FFRF took on Christian nationalists
FFRF Director of Strategic Response Andrew Seidel sparred with Christian apologist Tom Trento about “Does the God of the Bible Exist” in a debate organized by Trento’s United West, a hardcore Christian nationalist group. Andrew is a pro at this. Watch him score points!
‘Unapologetically Black, feminist and heretical’
We’ve been getting the freethought message out through all sorts of broadcast media. Our guest on our “Freethought Matters” TV show this Sunday is a Black skeptic, humanist activist and author. Sikivu Hutchinson, founder of Black Skeptics Los Angeles, talks on the show about her latest book, Humanists In The Hood: Unapologetically Black, Feminist, and Heretical, mentioning fascinating details about Frederick Douglass’ and A. Philip Randolph’s freethinking. Hutchinson’s many books and plays also include Moral Combat: Black Atheists, Gender Politics, and The Values War and White Nights, Black Paradise (on Rev. Jim Jones of Jonestown, Guyana, infamy). You can watch the show on our YouTube channel right now. Or find out where you can catch it this Sunday.
Making the journey to atheism
We rebroadcast our “Ask an Atheist” Facebook Live feature from last week, in which Andrew had a fascinating chat with actress Alice Greczyn (“Lincoln Heights”) regarding her new book, Wayward: A Memoir of Spiritual Warfare and Sexual Purity. It tells the story of her transition from belief to atheism — and how it inspired her to set up a resource to help others in similar situations. Due to a technical glitch, it was not live last week and we want to be sure you don’t miss it.
Evolution, communication and nonbelief
On our radio show, co-hosts Dan Barker and Annie Laurie Gaylor first talk with FFRF intern and blogger Barbara Alvarez about her latest column on a bad South Carolina abortion law (more on that in a bit) and a recent one dealing with how members of Congress are being shunned by their evangelical families for voting to certify the president. Then they interview Professor James Lull on his book Evolutionary Communication: An Introduction, linking the development of ideas and ideology.
A national threat to women’s rights?
Barbara critiques the shameful near-total abortion ban that South Carolina legislators have passed. She warns that this is quite possibly a precursor to a national-level threat to abortion rights.
“South Carolina’s move to ban abortion is a paternalistic action that claims to know what is best for women, their families, lives and futures,” she concludes. “In doing so, it rejects the human right to bodily autonomy and favors religious motivations.
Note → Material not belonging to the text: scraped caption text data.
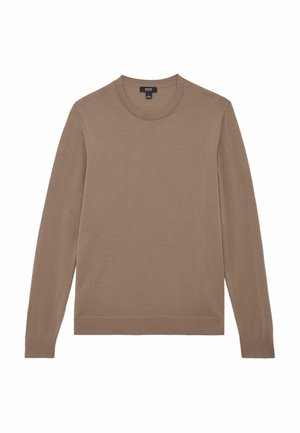 Bruine trui met lange mouwen, gemaakt van zachte gebreide stof. Heeft een ronde halslijn en geribde manchetten, met een gladde, gelijkmatige textuur.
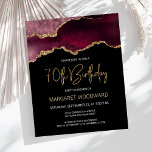 Budget Burgundy Agate 70th Birthday Invitation<br><div class="desc">This trendy 70th birthday invitation features a watercolor image of an agate geode in shades of burgundy with faux gold highlights. The words "70th Birthday" appear in faux gold glitter in decorative modern handwriting font. Customise it with the name of the honoree in gold coloured text and the details in...</div>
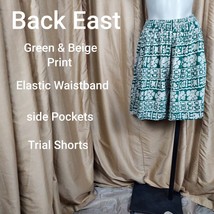 Back East Green &amp; Beige Print Side Pockets Trial Wide Leg Shorts Size M - £12.55 GBP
This abortion ban has dangerous consequences not just for women in South Carolina, but throughout our country.”
A lifetime of progress
Our other regular blogger, veteran freethinker and writer Jim Haught, has written a poignant, yet hopeful column applauding progress during his 90 years of existence. “Looking back over nine decades, I’m proud and pleased because secular humanism — the progressive struggle to make life better for everyone — won so many victories during my time,” he writes.
We were also busy mobilizing you this week. We asked you to call on Congress to immediately pass the long-overdue Equality Act, a critical piece of legislation extending federal civil rights protections for LGBTQ Americans. (The House did approve it overwhelmingly — and so, see, we got it done!) And we requested our Colorado members to urge their Legislature to pass a good bill that would expand the rights of survivors of child sexual abuse.
It’s amazing how much we’re able to accomplish with your assistance — even in a slightly less frantic week.